2. I'm Afraid of Americans
This gem from 1997's 'Earthling' was something of an industrial-esque affair, co-written by Brian Eno and co-produced by Nine Inch Nails with frontman Trent Reznor providing further instrumental as well as backing vocals. It's the last single to have charted on the Billboard Hot 100 until 'Blackstar' in 2015.
The iconic and haunting second single from his final album 'Blackstar', released on this day and just two days before his death, was quite the song to go out on. It features in Bowie's musical of the same name inspired by the 1963 novel 'The Man Who Fell to Earth' by Walter Tevis.

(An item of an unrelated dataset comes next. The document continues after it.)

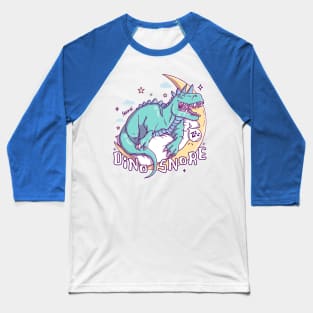 Dinosnore - Jurassic Slumber Delight Baseball T-Shirt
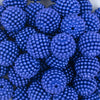 Close up view of a pile of 20mm Ball Bead Royal Blue Bubblegum Beads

The dark lyricism of the song also alludes to Bowie's impending death.
4. Space Oddity
Taken from his self-titled second studio album released in 1969, 'Space Oddity' was inspired by Stanley Kubrick's '2001: A Space Odyssey' and came just five days before the Apollo 11 mission launched. The song was re-released in 1975, becoming Bowie's first ever UK number one.

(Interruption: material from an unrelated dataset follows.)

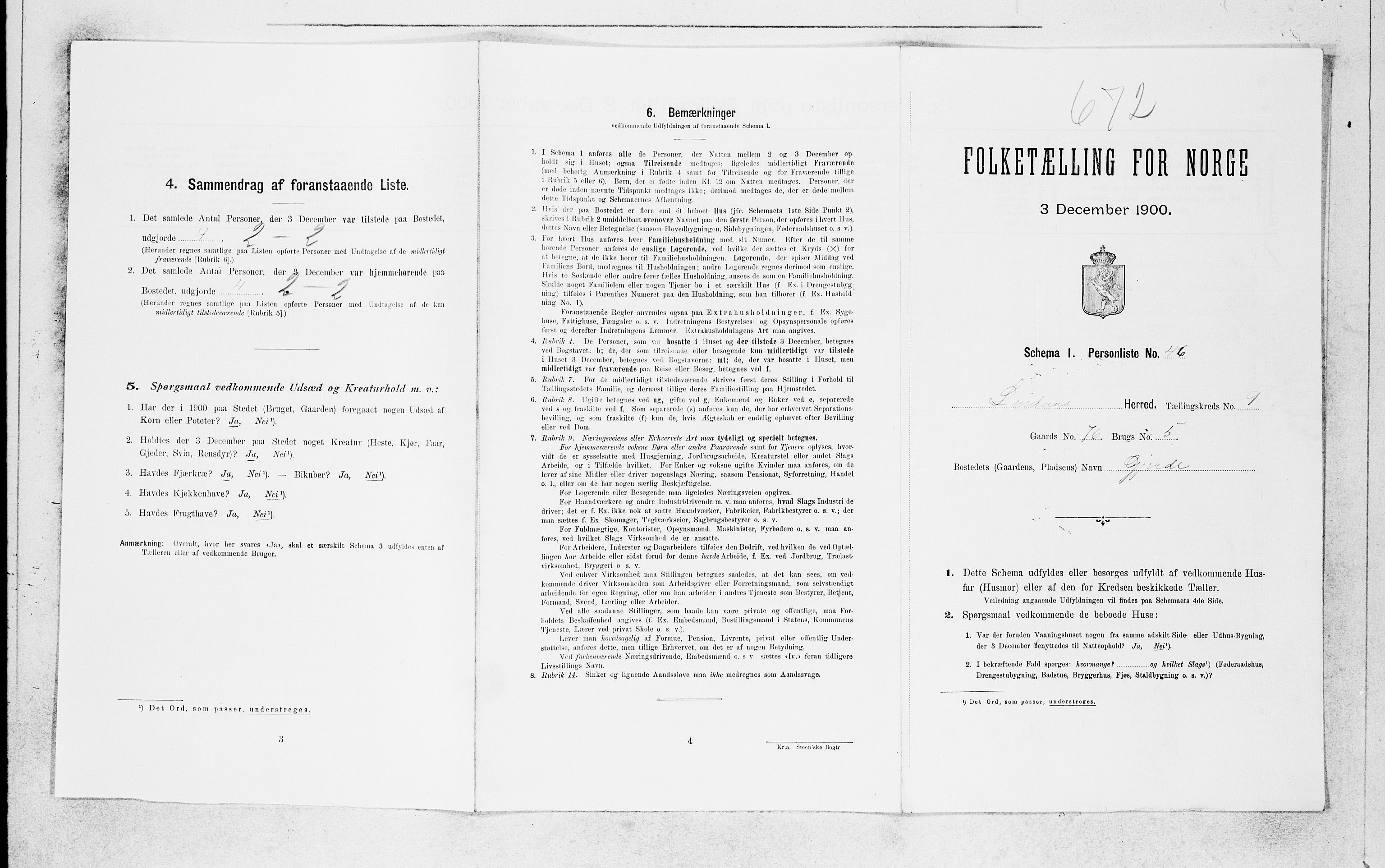 SAB, Folketelling 1900 for 1263 Lindås herred, 1900, s. 823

This last minute addition to 1972's 'The Rise and Fall of Ziggy Stardust and the Spiders from Mars' nearly didn't make the cut, which would have been a shame as it ties in so nicely with the whole concept of Ziggy Stardust and his alien friends. Definitely a solid favourite.
6. Magic Dance
It's hardly would you'd describe as typical Bowie as it was written and recorded for Jim Henson's 1986 film Labyrinth, in which he starred as the mysterious villain the Goblin King, but that doesn't mean it's any less of a masterpiece. It's full of fun, it's catchy as any of his other singles and features puppets - and who doesn't love puppets?
7. Rebel Rebel
Initially written for a Ziggy Stardust musical which was eventually shelved , 'Rebel Rebel' marked a stark departure from the glam rock aesthetic that made David Bowie famous. It featured on his 1974 album 'Diamond Dogs', and is one of the first examples of Bowie truly "rebelling" and going what many would consider a little off-piste.
8. Ziggy Stardust
This song is all about Bowie's alter-ego Ziggy Stardust, a rock star messenger for extraterrestrial beings and the lead character in his iconic concept album 'The Rise and Fall of Ziggy Stardust and the Spiders from Mars'. Ziggy is an icon for individuality, and paved the way for gender and sexual identity exploration.